Crawled caption data>
-- -- --
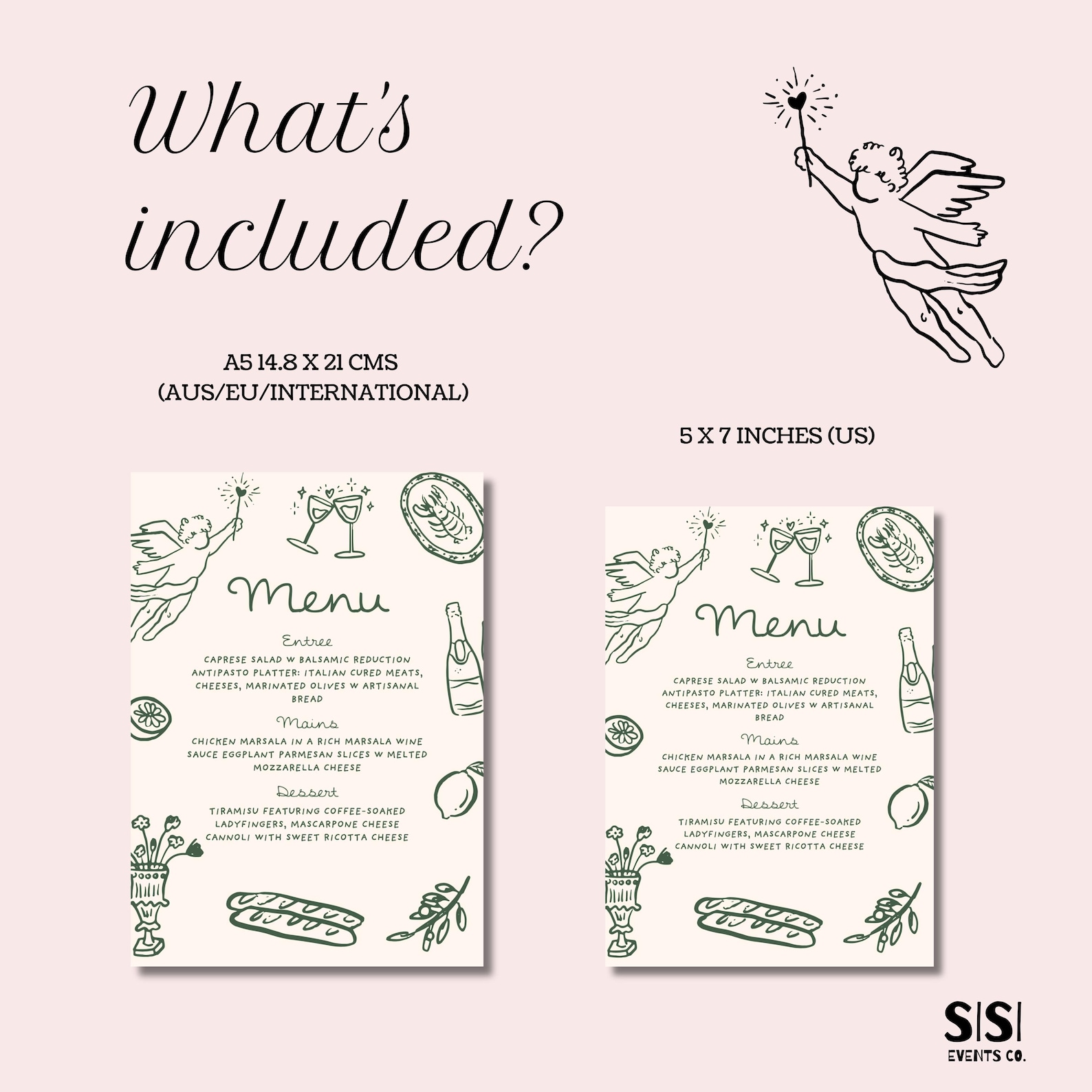 Hand Drawn Menu Template Fun Scribble Illustrations Illustrated Wedding ...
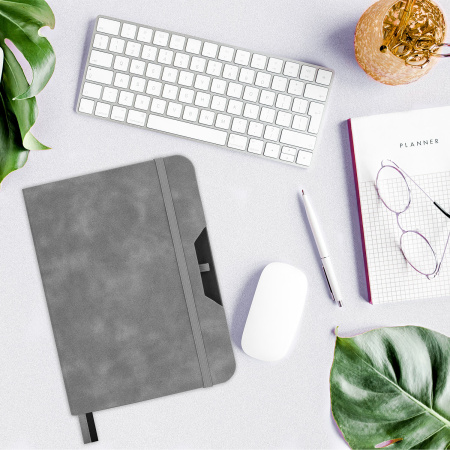 Блокнот А5 (162х218 мм), BRAUBERG "NOTE", под кожу софт-тач, с резинкой, 80 л., клетка, серый, 113440 - Бизнес-блокноты и бизнес-тетради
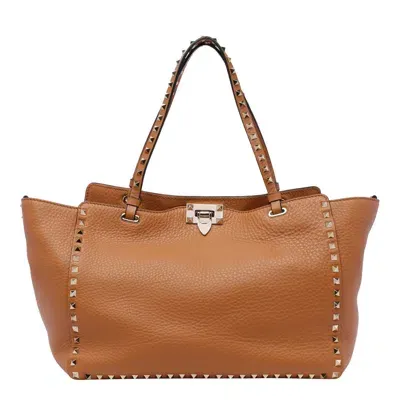 Valentino Garavani Medium Rockstud Tote Bag In Brown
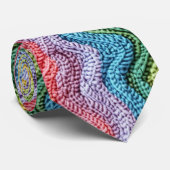 Cravate Boho Knit Stripe Colorful Design (Roulé)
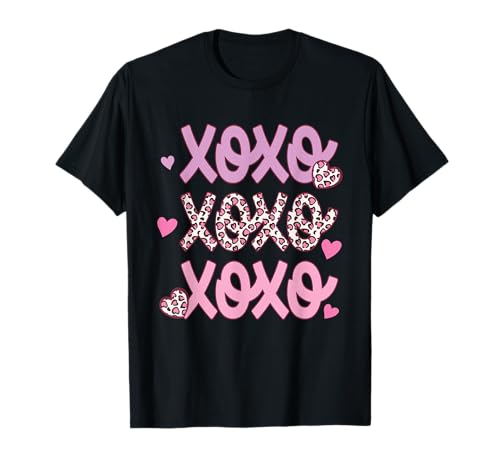 Valentine Pink XOXO Leopard Hearts, lindos y modernos enamorados Camiseta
-- -- --
WHAT YOU SHOULD DO> Leave out the pictures and reproduce the rest of the records exactly.

ANSWER BOX>
 Hand Drawn Menu Template Fun Scribble Illustrations Illustrated Wedding ...
 Блокнот А5 (162х218 мм), BRAUBERG "NOTE", под кожу софт-тач, с резинкой, 80 л., клетка, серый, 113440 - Бизнес-блокноты и бизнес-тетради
 Valentino Garavani Medium Rockstud Tote Bag In Brown
 Cravate Boho Knit Stripe Colorful Design (Roulé)
 Valentine Pink XOXO Leopard Hearts, lindos y modernos enamorados Camiseta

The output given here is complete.